Türkiye’den istedikleri üç şey vardı. Birincisi, İsrail’i güvenli sınırlar içerisinde tutmak ve bölge ülkesi yapmak. İkincisi, petrol kuyularına ve enerji nakil hatlarına bir zarar gelmemesini sağlamak. Üçüncüsü de radikal, El Kaide tarzı grupların iktidara gelmesini önlemek. Türkiye’ye, “Bunu kabul edersen, seni Batı’nın Japonya’sı yapacağız” dediler. Türkiye bunu kabul etti.
Bunu ne zaman söylediler?
2000-2002 arası görüşmelerde. AK Parti’nin önü böyle açıldı. Clinton havadaki uçağından AB’ye, “Türkiye’nin önündeki engelleri kaldırın” direktifi verdi. Türkiye’ye geldiğinde de “21. Yüzyıl’ı Türkiye inşa edecek” dedi.
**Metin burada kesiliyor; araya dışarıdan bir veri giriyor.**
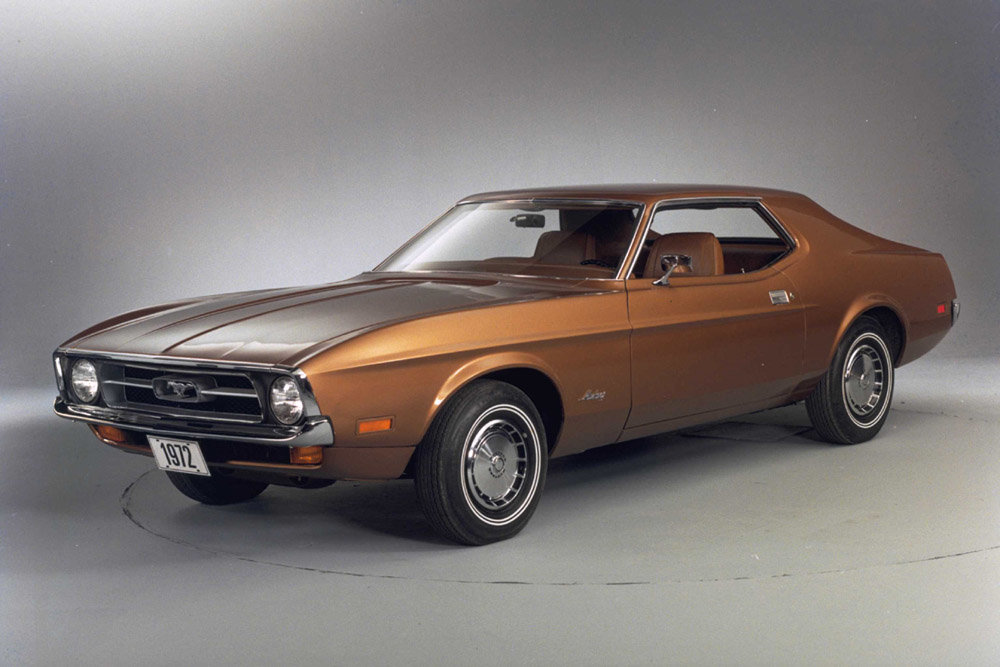 1972-ford-mustang-brown.jpg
Bu bir kelam-ı rüşvet değil, stratejiydi. “Seni engelleyen askerse tasfiye edeceğiz” dediler. Reformlar yapıldı, sermaye arttı. Türkiye’nin sinerjisi, Arap Baharı’na da ilham kaynağı oldu.
Nasıl?
Orada üç önemli unsur vardı. Bir, bölgedeki baskı rejimlerine tepki. İki, gelir eşitsizliğine, yoksulluğa, işsizliğe tepki. Üçüncüsü de İsrail’e karşı bir tepki. Türkiye’nin dönüşümü, İran’daki devrim, Arap halklarındaki uyanış bir araya geldiğinde, bu onların da onurunu kurtaracak bir şey. Ama 2011 yılında Türkiye’nin dış politikasında temel bir değişiklik meydana geldi.
Neydi o değişiklik?
Tunus ve Mısır’daki gibi Suriye’de de gösteriler başlayınca, Türkiye, Esed’i zamana yayılmış bir değişime ikna edeceğine, silahlı grupları destekledi. Sivil muhalefetin militarize olmasına sebebiyet verdi. Burada Türkiye, Suudiler’in tuzağına düştü. Türkiye’yi silahlı mücadeleyi desteklemeye ikna ettiler. İskenderun, Hatay ve Kilis üzerinden, oraya bolca insan aktı. Afrika’dan, Libya’dan getirdikleri adamları, burada hastanelerde tedavi edip beslediler. Ceplerine para koyup oraya gönderdiler. Ürdün, Lübnan ve Irak üzerinden de bol miktarda insan girdi ve iç savaş başladı.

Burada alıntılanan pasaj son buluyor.